Welcome to the Linux Foundation Forum!

Lab 12.3 Cannot make metrics-server work.

I used the step 1 to download the package. The step 2 did not work, because the package changed. I used the way I got from the web site to install metrics-server:
kubectl apply -f https://github.com/kubernetes-sigs/metrics-server/releases/download/v0.3.6/components.yaml
When I taped the "student@master:~$ kubectl top node", I got " error: metrics not available yet".
I checked and found "metrics-server-5f956b6d5f-2lbzv 1/1 Running 0 3m58s".
I deleted the deployment. svc, and sa of the "metrics-serve", and used:
sudo kubectl apply -f https://github.com/kubernetes-sigs/metrics-server/releases/download/v0.3.6/components.yaml
did it again. I got the same error.
What should I do to fix this problem?

Thanks,

Wei

Comments

  • chrispokorni
    chrispokorni Posts: 2,349

    Hi Wei,

    Typically, the metrics-server needs a good few minutes to start collecting metrics from your cluster. If you issue the kubectl top command too soon, you will see the metrics not available yet message.

    Regards,
    -Chris

  • zhangwe
    zhangwe Posts: 45

    Hi Chris,

    Thank you very much for your response.
    But it still did not work.

    Wei

  • serewicz
    serewicz Posts: 1,000

    Hello,

    I have just run the lab and it worked. Here is what I did:
    git clone https://github.com/kubernetes-incubator/metrics-server.git
    less README.md
    kubectl apply -f https://github.com/kubernetes-sigs/metrics-server/releases/download/v0.3.7/components.yaml
    kubectl -n kube-system edit deployments.apps metrics-server

    ....
    - --cert-dir=/tmp
    - --secure-port=4443
    - --kubelet-insecure-tls #<<---------------Added this insecure TLS line
    image: k8s.gcr.io/metrics-server/metrics-server:v0.3.7
    ....
    sleep 120 ; kubectl -n kube-system top pod
    NAME CPU(cores) MEMORY(bytes)
    calico-kube-controllers-578894d4cd-48hrz 1m 6Mi
    calico-node-cx7gb 25m 25Mi
    calico-node-hxfwn 30m 24Mi
    coredns-66bff467f8-rqhvr 3m 6Mi
    coredns-66bff467f8-sbnn4 3m 6Mi
    etcd-master 19m 42Mi
    ....

    It works.

    Regards,

  • zhangwe
    zhangwe Posts: 45

    It works. Thank you very much for your help.

  • serewicz
    serewicz Posts: 1,000

    Great! I've added it to the update and it should be part of the 1.19 release.

  • zhangwe
    zhangwe Posts: 45

    The metrics-server just monitor the worker node and the pods in the worker node, not the master nod snd the pods in the master node.
    student@master:~$ kubectl top node
    NAME CPU(cores) CPU% MEMORY(bytes) MEMORY%
    worker 88m 4% 839Mi 11%
    master

  • serewicz
    serewicz Posts: 1,000

    Hello,
    Other than waiting for a bit to see if it just needs to update the other node, there are a few things that could lead to this. What are you using for your lab environment, platform/OS/K8s version?
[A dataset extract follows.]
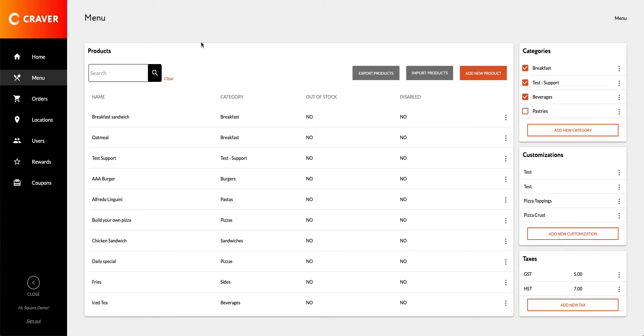This happens when you have more than one location. You might have different menus, either completely or slightly different menus for your different locations. Craver Admin Panel supports this feature and you can easily do that.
    Please show the output of kubectl get node

    Is the master node still tainted?

    Regards,

  • I'm unclear on "allowed" websites during exam "github.com/kubernetes-sigs" doesn't appear to be listed here: https://www.cncf.io/certification/cka/faq/ but seems to be needed to install metrics-server.

    "in order to access assets at https://kubernetes.io/docs/ and its subdomains, https://github.com/kubernetes/ and its subdomains, or https://kubernetes.io/blog/ . No other tabs may be opened and no other sites may be navigated to."

    @serewicz can you clarify please?

  • serewicz
    serewicz Posts: 1,000

    Hello,

    There is only so much I can say about an exam due to the confidentiality agreement we all accept in order to take the exam. I can't talk directly about what may or may not be on the exam, other than suggest the Candidate Handbook https://training.linuxfoundation.org/go/cka-ckad-candidate-handbook or the general certification email address.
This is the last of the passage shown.